The Semantic Lancet Project is focused on building a Linked Open Dataset on scholarly publications. The current dataset contains metadata about all papers published in the Journal of Web Semantics by Elsevier.

For each paper, the dataset reports bibliographic data, abstract and citations, expressed in RDF and compliant with the Semantic Publishing and Referencing (SPAR) Ontologies. SPAR ontologies are ontological modules that allow one to describe of the various parts of the publishing domain in RDF such as article metadata and citations bibliographic references and citation contexts, person's roles and document statuses, document components and publishing workflows.

Our goal to make available the RDF triplestore (accompanied by a SPARQL endpoint) for research purposes, as well as a series of services to access, explore and make use of scholarly data.

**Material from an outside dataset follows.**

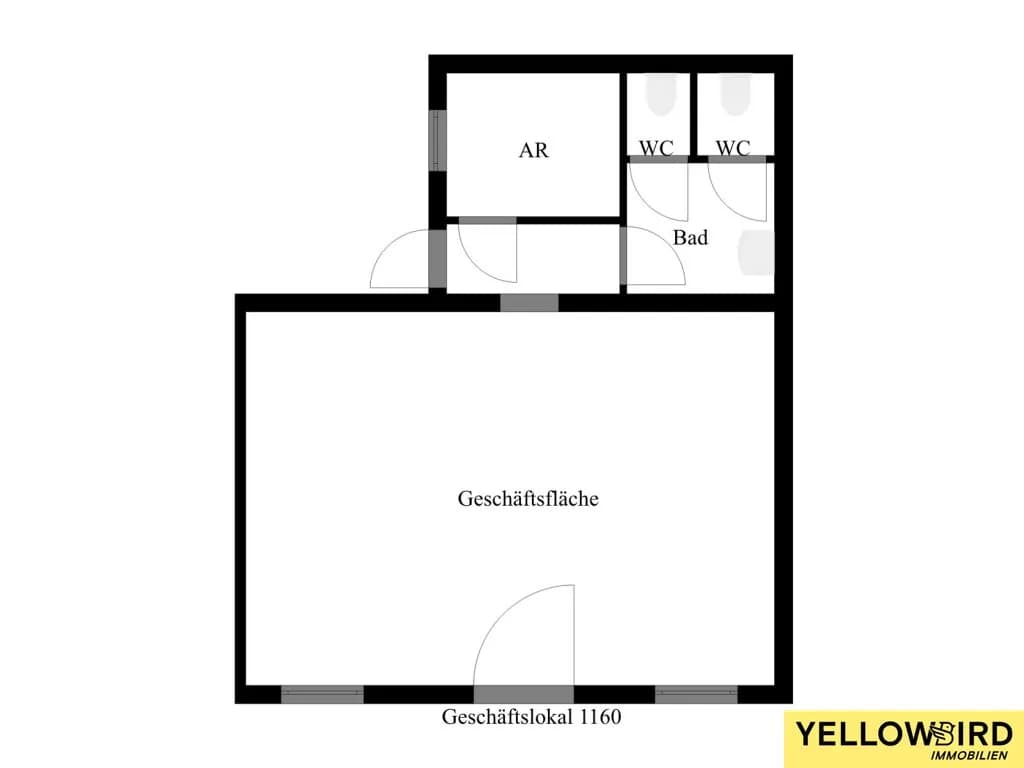 1-Zimmer-Gewerbeimmobilie kaufen in Wien – 39 m², € 179.000 – Bild 4 von 4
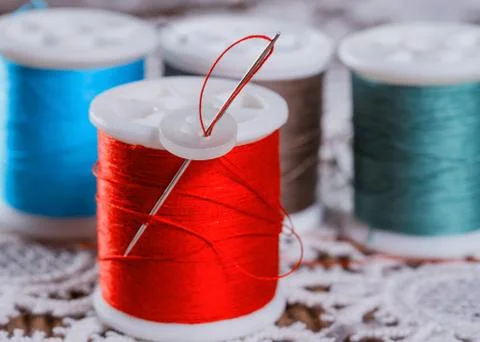 Spools of thread Stock Photos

The dataset is released under the terms of the Creative Commons Attribution 4.0 International.

Data and Services

SPARQL endpoint
The SPARQL endpoint (live embedded interface and REST API) for accessing all the date in Semantic Lancet.
Data browser
It is an interactive and user-friendly interface that allows users to easily access papers, authors, citations, and so on. There are two main issues addressed in designing the tool: the huge amount of information users are required to deal with and the complexity of that information. The solution we propose is to hide the intrinsic complexities of the data and of the underlying technologies, giving users an higher-level views over the dataset content.
BEX - Bibliographic EXplorer
BEX is an interactive web-based application aimed at supporting analysis and exploration of papers and citations available in the Semantic Lancet Triplestore. The BEX design was driven by Shneiderman's Information Seeking Mantra: Overview first, zoom and filter, then details-on-demand.
Abstract finder
It is an interactive and user-friendly interface, which allows one to search paper abstract by exploiting the semantic information about concepts, events, roles and named entities contained in the semantic abstracts. The modules works in two phases: first, it creates a semiotic index of the abstracts with respect to a taxonomy of types. These types are aligned to WordNet synsets and DBpedia resources; thus, abstracts are not indexed for their plain textual content but for the concepts represented in that content in a semiotic fashion; second, a simple interface allows users to browse these concepts and the abstracts exposing them.
Citation explorer
It is an interactive web based tool for analysing and making sense of the citations. The tool is composed by three modules. Once selected a particular journal, the top-left area shows the overview of all papers available (i.e., the circles) for the journal and their citation network. The second module, shown in the right part, summarises the functions (depicted by using different colours) of incoming and outgoing citations related to each paper (shown in the bottom) and each author (top). This tool provides new elements to evaluate citations: for example, users can grasp the different impact of an article referenced several times as an authority from another cited more times but for a generic reason (e.g., for information or as a related work). The last module, shown on the left-bottom, allows users to compare the activity of two authors by showing the distribution of their citations (and the related functions) on a time axis. This time-aware perspective can be useful to investigate the role played by an author within the particular journal under consideration.
Web Data Reporter
It is a Web application that queries both scholarly data and provenance data in order to present such kinds of situations in form of a Web page. The current implementation allows us to spot: potential mistakes in the datasets, data incompleteness, and data duplication.